Fragestellung: Welche individuellen und organisatorischen Faktoren hängen mit der Wahrnehmung von Psychological Safety unter Pflegekräften zusammen?

Methode: Auf 86 deutschen neonatalen Intensivstationen wurde zwischen September 2015 und August 2016 eine Fragebogenbefragung unter Pflegepersonal und ärztlichem Personal sowie unter den pflegerischen und ärztlichen Leitern/innen durchgeführt. Insgesamt wurden Daten von 1.211 Pflegekräften auf 76 neonatologischen Intensivstationen analysiert. Aufgrund der hierarchischen Struktur der Daten wurde eine Mehrebenenanalyse angewendet.

Ergebnisse: Das Nullmodell zeigte, dass 18.8% der individuell wahrgenommenen psychologischen Sicherheit durch die Zugehörigkeit einer Organisation erklärt werden können. Auf individueller Ebene sind ein junges Alter (< 25 Jahre), die Weiterbildung zur Stationsleitung sowie ein laufendes oder bereits abgeschlossenes Studium positiv mit der wahrgenommenen psychologischen Sicherheit einer Pflegekraft verbunden. Pflegekräfte, die eine Ausbildung in pädiatrischer Intensivpflege absolviert hatten, gaben jedoch signifikant niedrigere Werte auf der Skala an. Als organisationaler Faktor wurden formalisierte Handlungsanweisungen (SOPs) als positive Prädiktoren identifiziert, die die Wahrnehmung der psychologischen Sicherheit einer Pflegekraft positiv beeinflussen können.

Diskussion: Unsere Ergebnisse zeigen, dass auf individueller Ebene Pflegeaus- und Weiterbildungen eine essentielle Rolle in Bezug auf die individuell wahrgenommene psychologische Sicherheit spielen. Der positive Effekt eines Studiums bzw. auch einer Weiterbildung zur Stationsleitung kann möglicherweise durch den Abbau sozialer Hierarchien erklärt werden. Auf der anderen Seite sind auch negative Effekte von Weiterbildungen auf die psychologische Sicherheit möglich. Vor allem Pflegekräfte mit einer Ausbildung zur pädiatrischen Intensivpflege berichteten eine geringere psychologische Sicherheit. Dieses Ergebnis ist möglicherweise durch ein vertieftes Wissen über mögliche Konsequenzen eines Fehlers zu erklären.
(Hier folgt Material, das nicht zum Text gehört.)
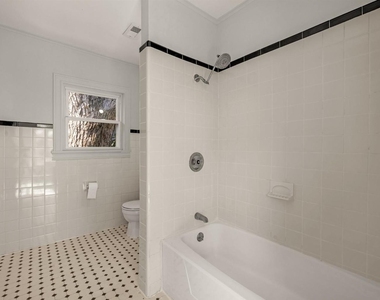 2415 Columbia Street - Photo Thumbnail 17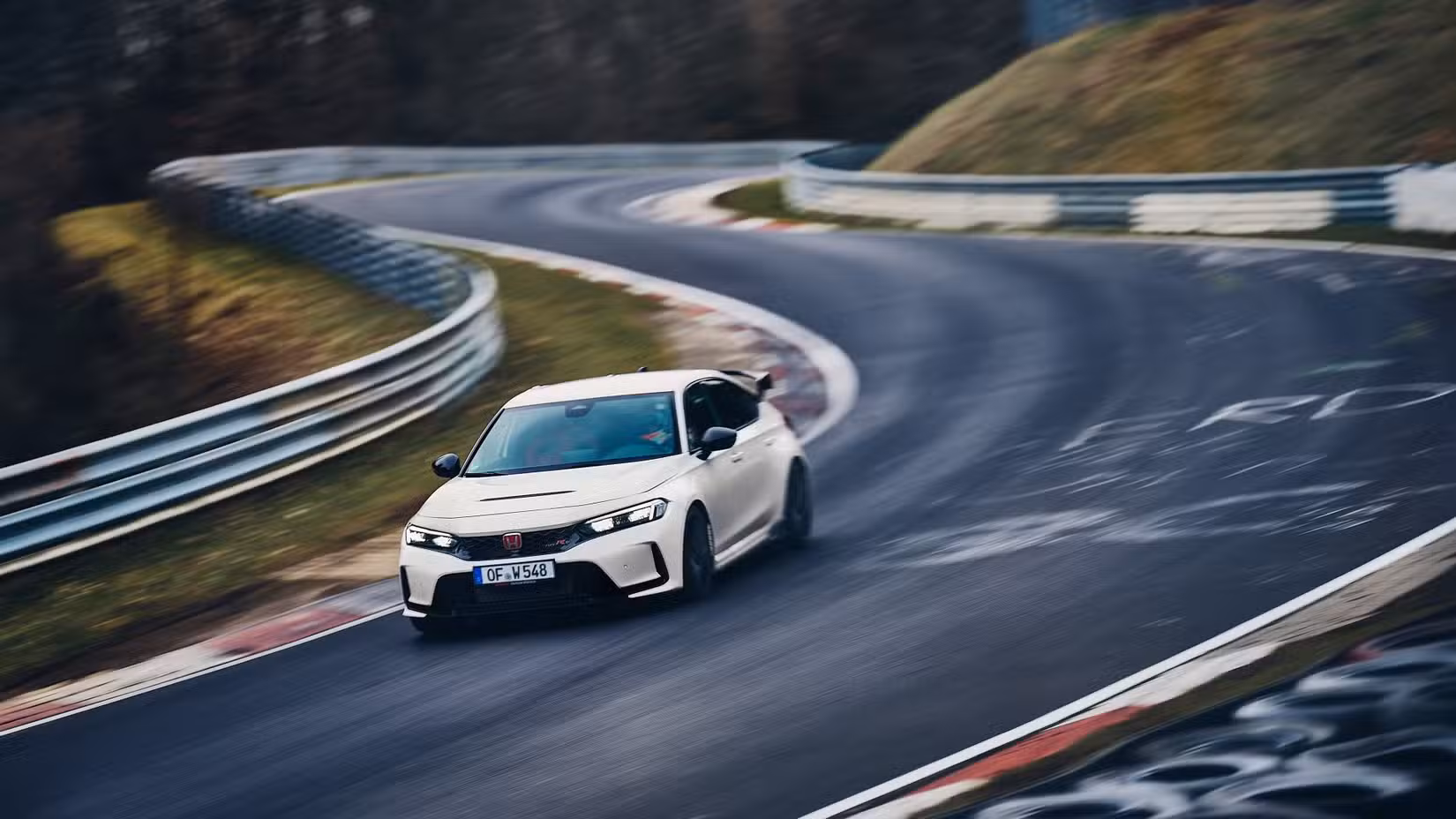 2023 Honda Civic Type R کا فرنٹ 3/4 ایکشن شاٹ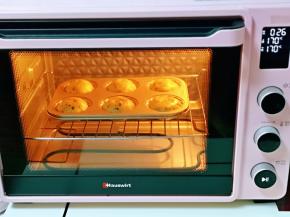 上下管170度烤15～20分钟。(具体温度及时间请根据自家烤箱性能另定）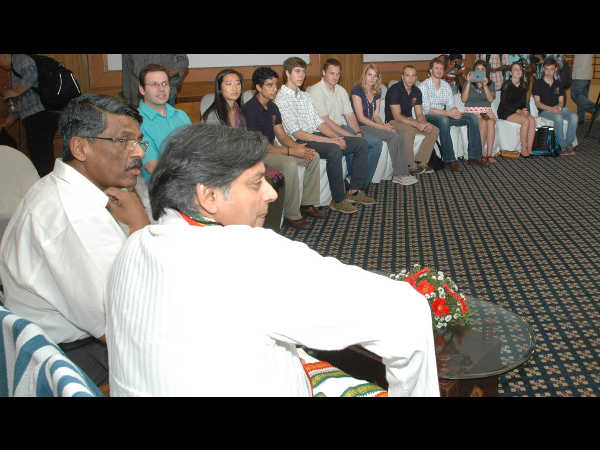 Dr Shashi Tharoor interacting with students from Kansas University at a programme hosted by Asian School of Business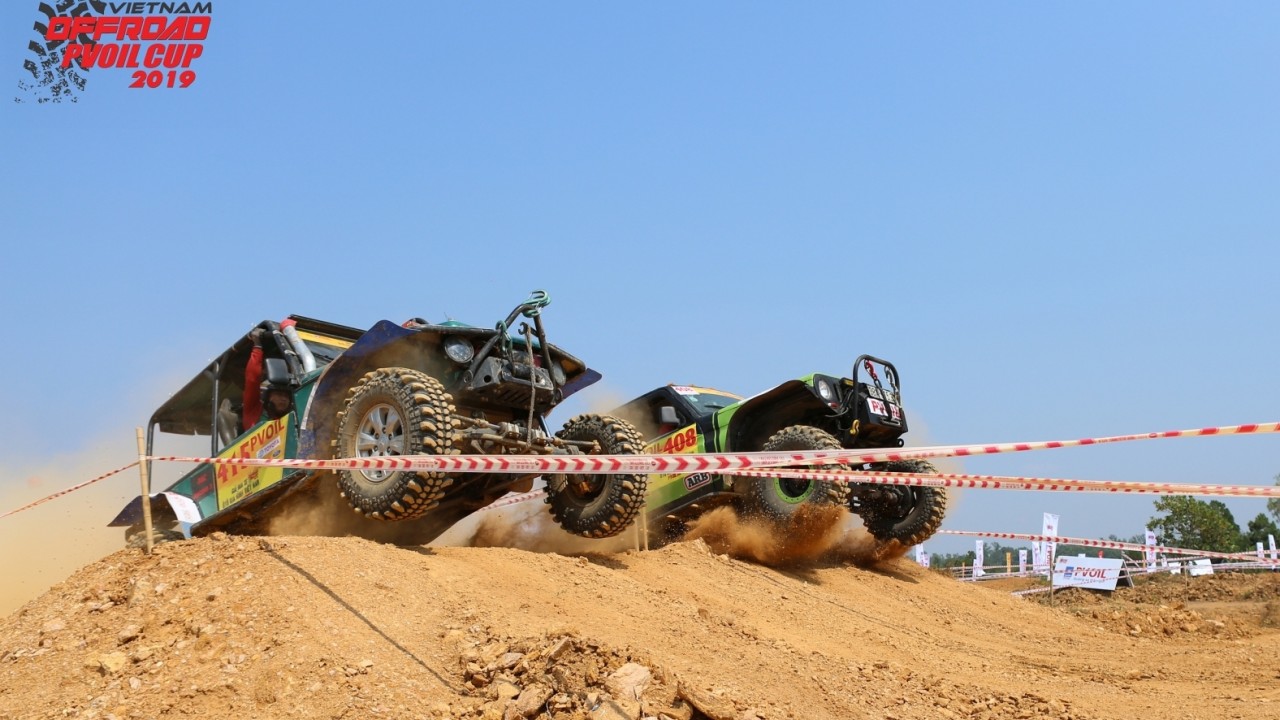 Đội đua 415- nhà vô địch ôtô offroad hạng mở rộng "trải lòng" sau giải đấu PVOIL VOC 2019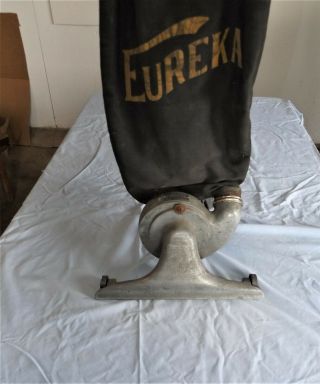 Early 1920 ' s Vintage Antique Eureka Upright Electric Vacuum,  Model 9? Runs 2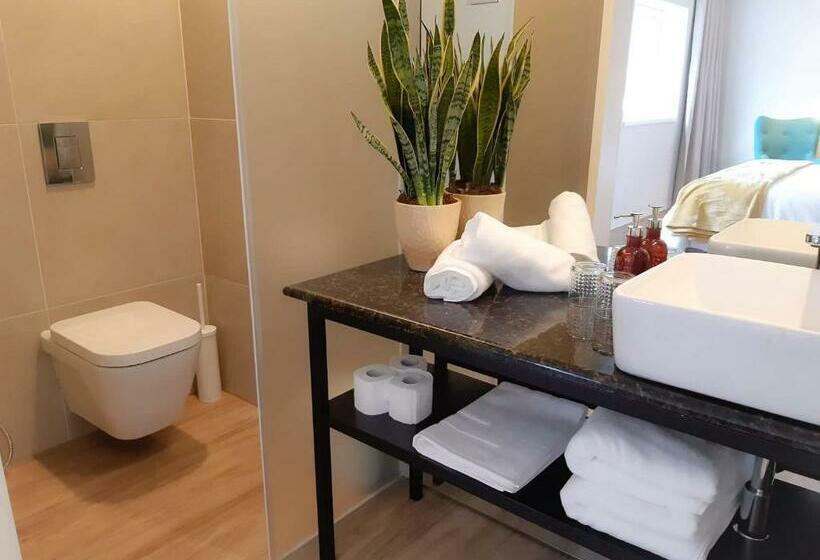 پانسیون Novabila Guesthouse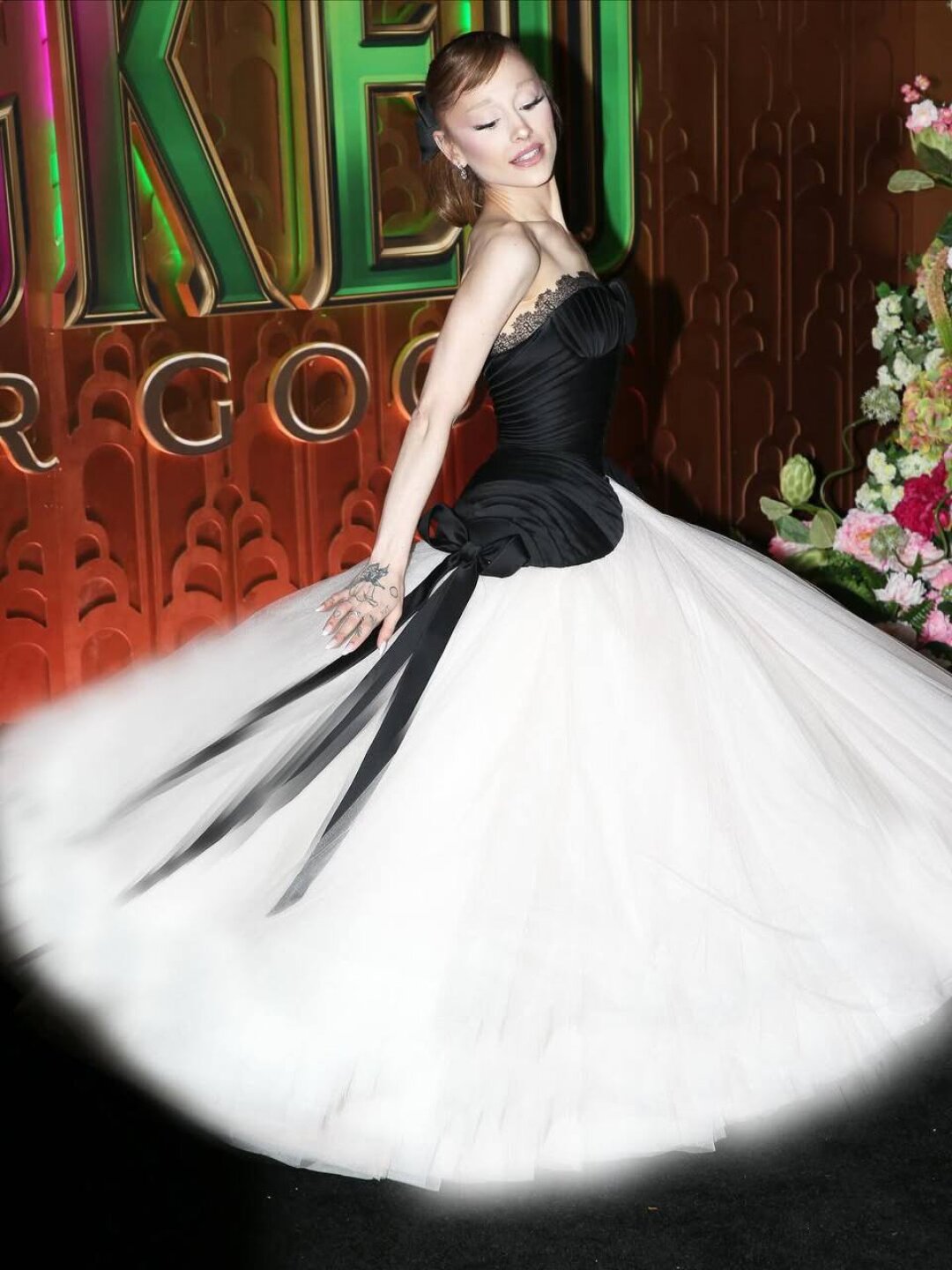 Кастомное платье Schiaparelli для Арианы Гранде на нью-йоркскую премьеру «Злая. Часть 2» — из бантиков, а также 200 метров органзы и тюля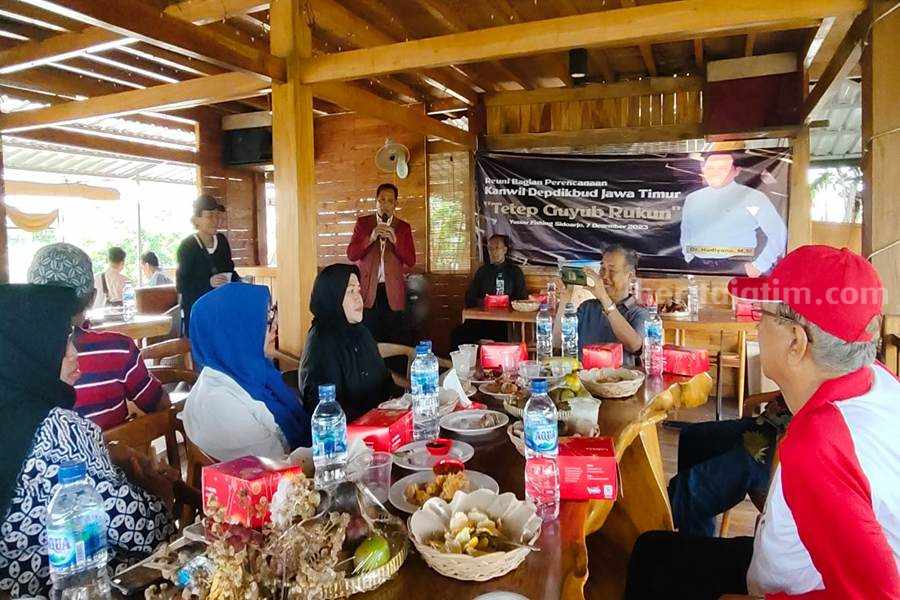 Begini Reuni Depdikbud Kanwil Jatim yang Sudah 20 Tahun Berpisah Dr. Hudiyono M.Si di acara reuni Bagian Perencanaan Kanwil Depdikbud Jawa Timur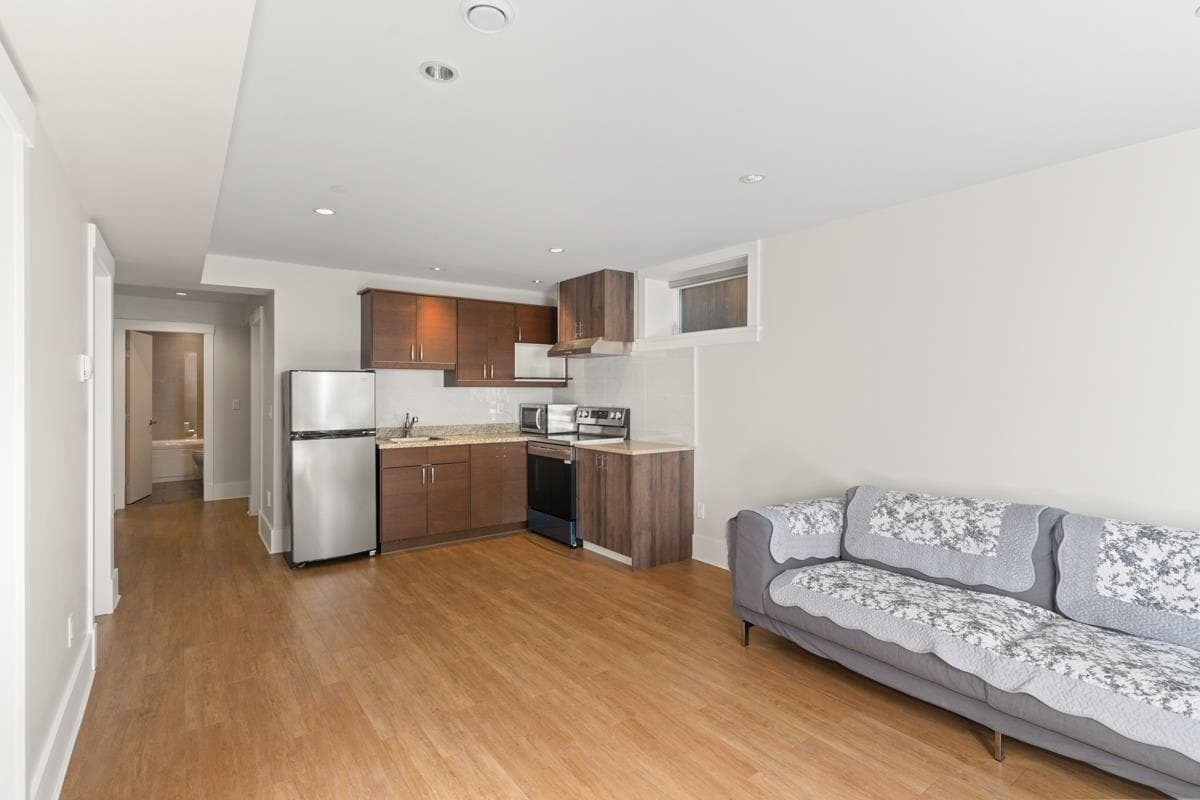 4080 W 15th Avenue, Vancouver, V6R 3A3 — photo 3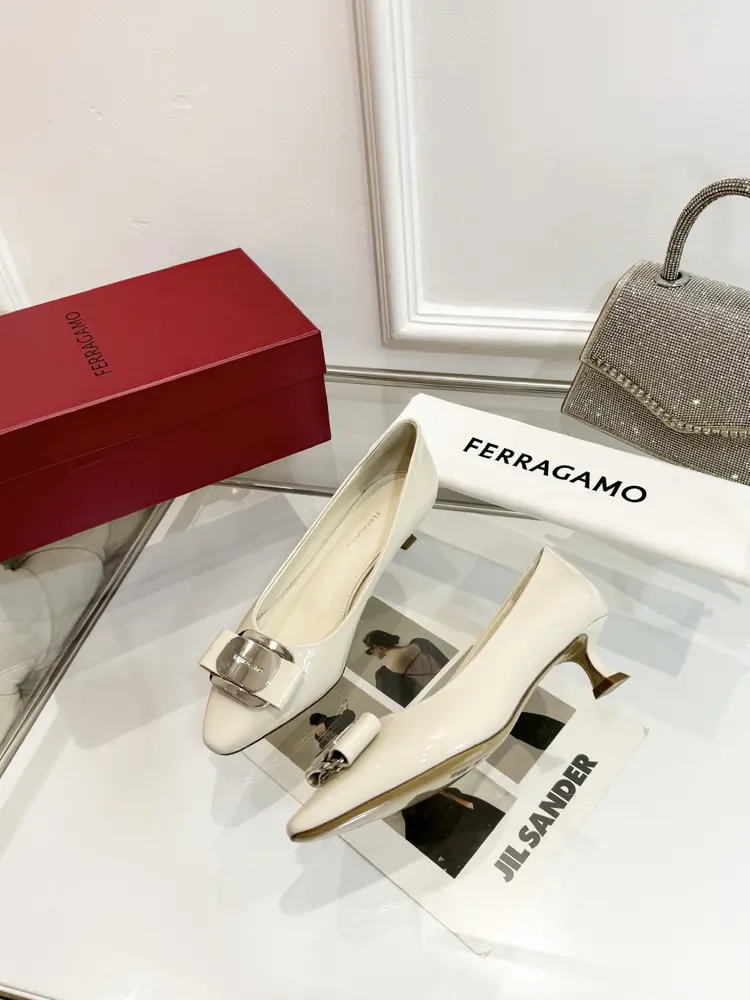 Salvatore Ferragamo new styles of FERRAGAMO’s new version of vara big buckle big bow square
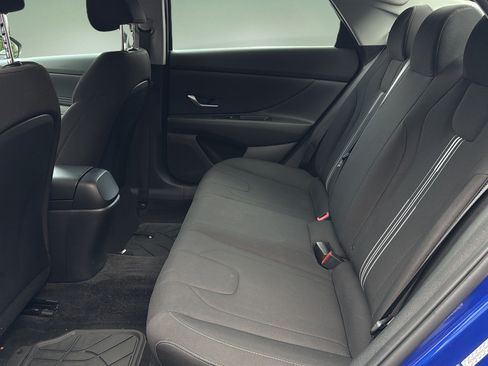 Used 2023 Hyundai Elantra SEL w/ Convenience Package FWD image 14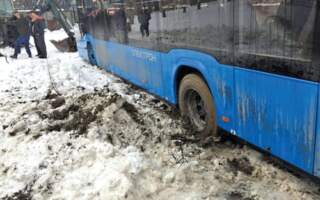 В Ужгороді два автобуси “Електрон” застрягли на зупинці біля міської лікарні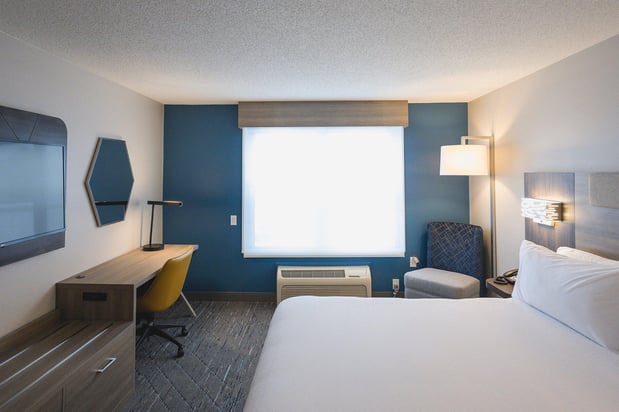 Images Holiday Inn Express & Suites Marquette by IHG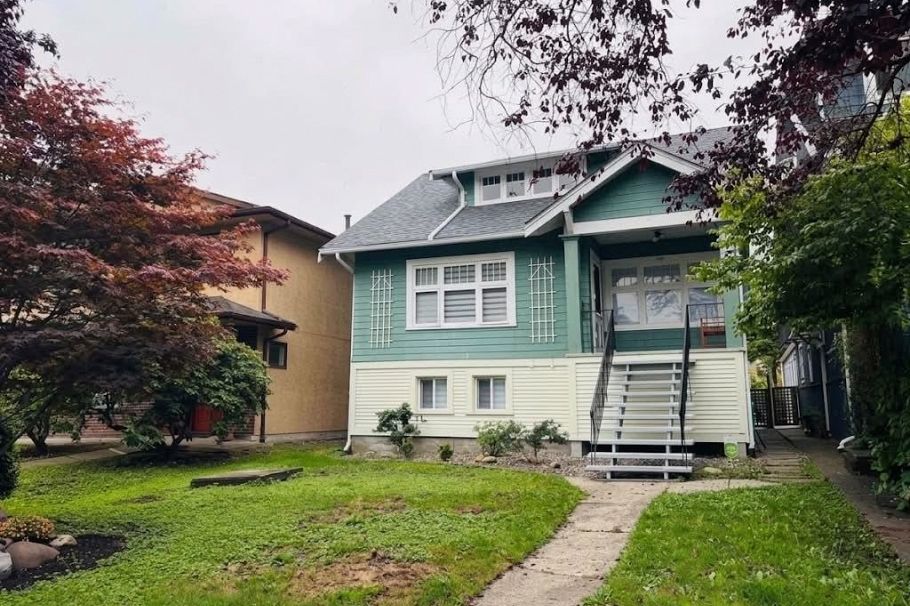 936 W 17th Avenue Vancouver, BC - 1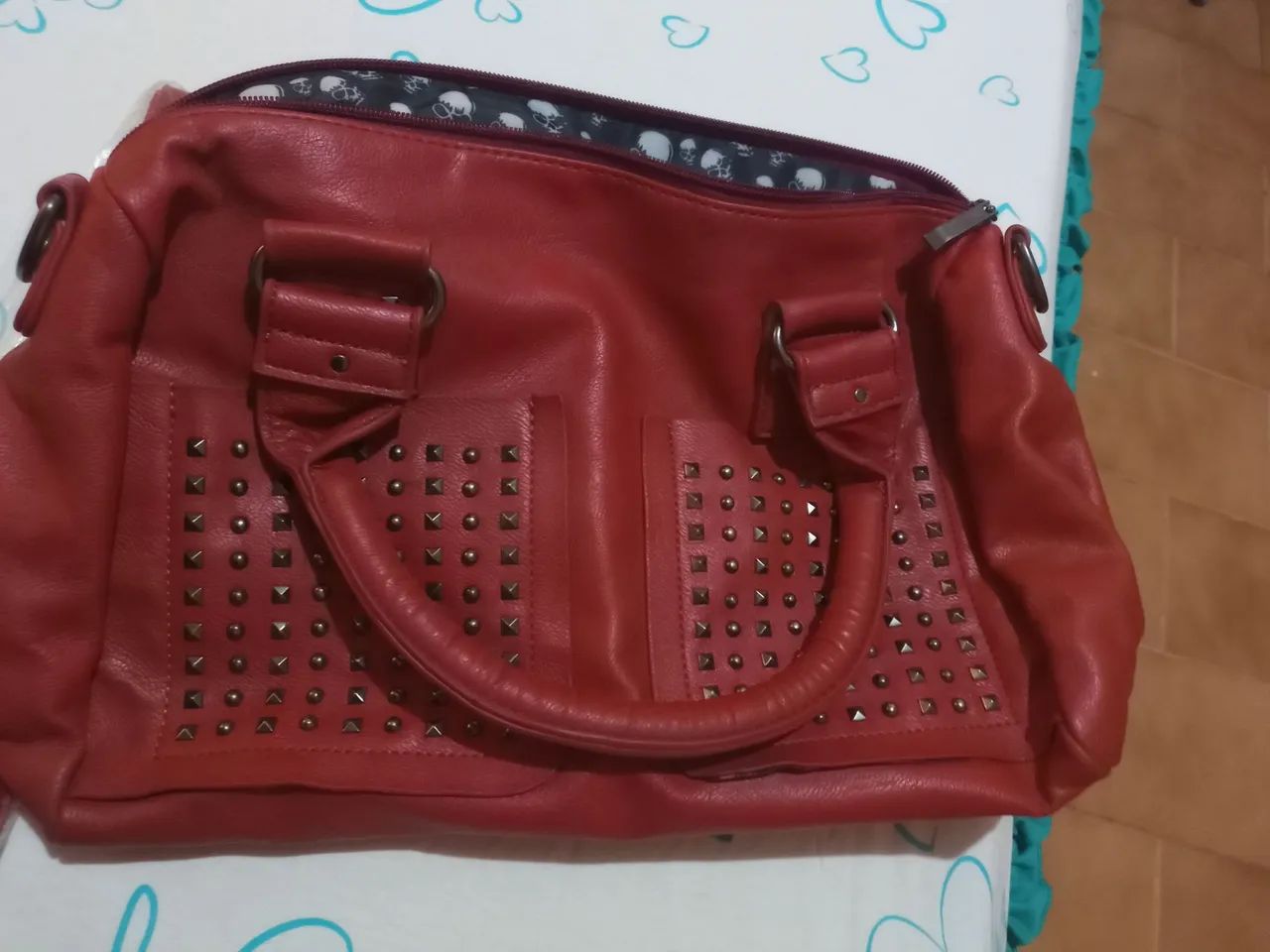 Bolsa feminina de couro sintético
Praktische Implikation: Nebst der Erkenntnis, dass SOPs vermehrt etabliert werden sollten, unterstützen unsere Ergebnisse die formalisierte Professionalisierung der Pflegekräfte. Sie deuten aber gleichzeitig darauf hin, dass nicht jede Weiterbildung sich positiv auf die psychologische Sicherheit auswirkt. Ausbildende sollten sich bewusst sein, dass neben fachlichem Wissen auch der professionelle Umgang mit Bedenken und Fehlern gelehrt werden sollte. In zukünftigen Studien sollte untersucht werden, wie das Fachwissen und die Berufserfahrung der Pflegekräfte ihre psychologische Sicherheit beeinträchtigen können. Darauf aufbauend können Maßnahmen entwickelt werden, die die Kontrolle über diese unbeabsichtigten Auswirkungen übernehmen.